Ele foi o nome da desgraça em 1990. Ele foi o capitão da glória em 1994. Ele pode repetir o Franz Beckenbauer de 1974 exatos 36 anos depois. Beijar a Copa do Mundo da Fifa como jogador e técnico. Imitar um único e histórico brasileiro, Mário Jorge Lobo Zagallo.
Entre as Copas do Mundo da Itália e a dos Estados Unidos, 48 meses consecutivos, 192 semanas, 1.460 dias e noites depois, Dunga começou a formar um inimigo invisível no interior do seu cérebro. Nomeou a imprensa como adversário número 1. Não cunhou um rosto, escreveu um nome, marcou um sotaque. Somou. Não escolheu jornalistas do Rio, que classificaram a desastrosa Seleção Brasileira de Sebastião Lazaroni como fruto da “Era Dunga”, nem os paulistas, que o atacavam pela sua falta de habilidade em campo, o que não era real, muito menos os gaúchos – que quase sempre estiveram ao seu lado quando ele rasgava os gramados como bom e aplicado volante de chuteiras de travas altas. O gaúcho venera um volante de contenção.
Dunga colocou todos os jornalistas no mesmo e largo saco, jogou sua ira dentro, fechou. Deu um nó bem dado. A aversão de Dunga aos jornalistas brasileiros estava escondida porque ele também andava oculto depois de se aposentar no Inter por força de jogadas espetaculares de Ronaldinho. Coisas do jogo, da bola, da vida de boleiro. Entre as quatro linhas, jovens não respeitam os mais velhos, nem os de insígnias douradas. Corre quem pode, dribla quem tem mais talento. Sofrem os menos dotados em 90 minutos.
REPÚBLICA DAS ESTRELAS
Dunga voltou às primeiras páginas em 2006, quando aceitou liderar a nova e séria comissão técnica da CBF, cansada da República das Estrelas da Copa do Mundo da Alemanha. Foi imediatamente criticado por parte da mídia, pela quase totalidade dos treinadores do país. Ninguém via nele um representante capaz da turma dos “professores”, ainda mais sem experiência em clubes, em categorias de base. Dunga foi saudado como um alien na categoria dos treinadores.
Aos poucos, ancorado por um grupo de fiéis jogadores, o novo e inexperiente treinador foi desenhando um time, uma ideia de futebol, um esquema de jogo, ao lado do seu fiel escudeiro, o ex-lateral Jorginho.

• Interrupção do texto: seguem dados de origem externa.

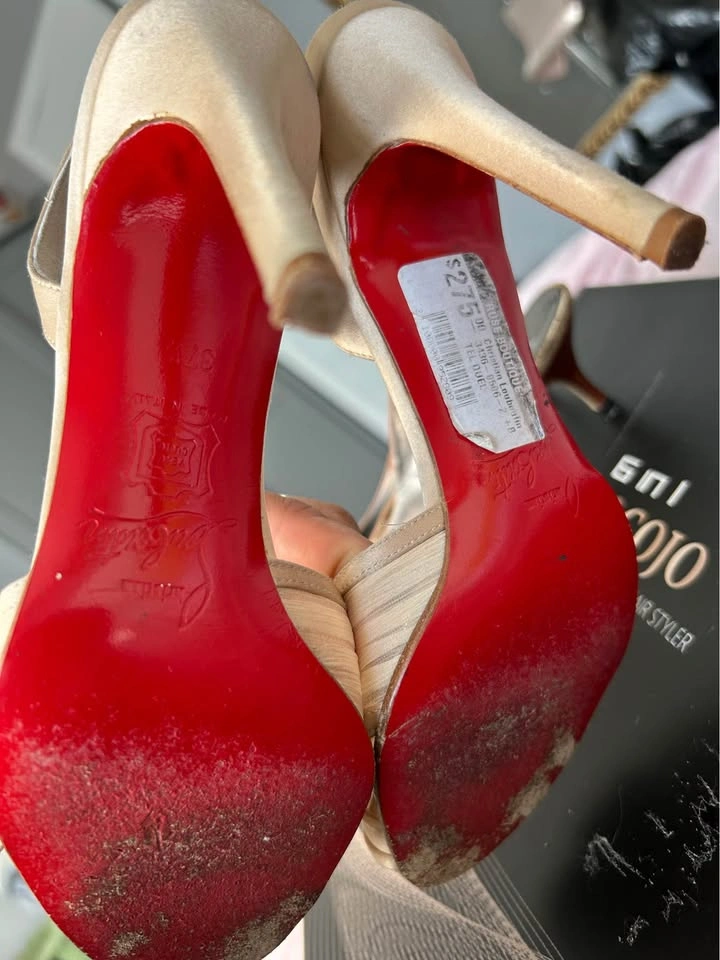 Talon christian louboutin red bottom heels size 37 - photo 2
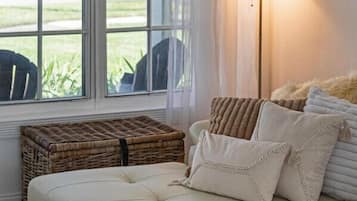 Smart-tv, pejs, videospil, dvd-afspiller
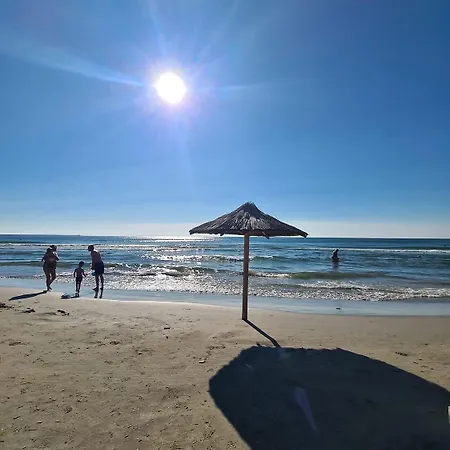 Queens Luxury Năvodari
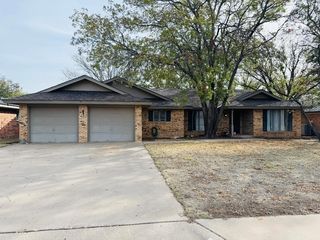 2025 Buffalo Dr, Levelland, TX 79336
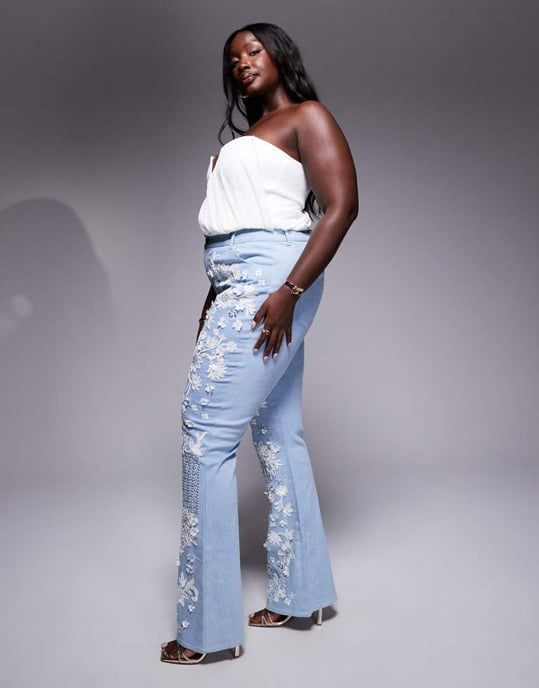 ASOS LUXE Curve vita juveldekorerade jeans med utsvängd ben i medelblå tvätt - Image 4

Craque, por ser apenas craque, não tinha vez. Ronaldinho, melhor exemplo, foi murchando aos poucos. Dunga queria mais do que um drible de cinema e duas jogadas de efeito. Queria comprometimento, camisa molhada, carrinho e bola dividida. Ganhou e levantou assim a Copa América, a Copa das Confederações, a liderança das Eliminatórias 2010.
Esculpiu um time de futebol, não uma Seleção Brasileira.
Os europeus estranharam, acusaram a Seleção de pragmática, sem o “futebol samba”, e elegeram a seleção da Espanha como a maior amiga da bola da atualidade.
Na véspera do Mundial, Dunga recompensou os seus valentes com 23 vagas no Mundial da África do Sul. Levou apenas um craque, Kaká. Os outros 22, com exceção, talvez, de Julio César, o melhor goleiro do planeta, são jogadores que o Brasil produz em série quase todos os anos.
GRUPO DE SECADORES
Em Joanesburgo, Joburg, dizem os íntimos, Dunga mostrou nas pasteurizadas entrevistas coletivas que a sua ira continuava intacta, apesar das vitórias recentes. Acusou os jornalistas de “secadores”, como se jornalista fosse torcedor. Jornalista não torce, escreve. Não veste camisa, usa caneta. Em cada pergunta, mesmo a mais sincera ou curiosa, Dunga sempre nota algo oculto. Usa ironia de volante em algumas respostas. Vê fantasma onde há luz.
Dunga vive uma guerra iraquiana com a imprensa. Alimenta-se do conflito, espalha, influencia os jogadores que, nas entrevistas coletivas, repetem as mesmas frases do chefe. A Seleção é um bloco só, na maneira de pensar e de atuar. As entrevistas coletivas não apresentam deslizes ou bolas fora. Ou polêmicas.
Dunga pode vencer a 19ª Copa do Mundo.
Se ganhar vai dizer que levantou a taça sem o apoio da imprensa, que, aliás, não tem o dever de apoiar ninguém. Se perder, já sabemos quem será o culpado.
Dunga vive num mundo à parte. Não sai de lá.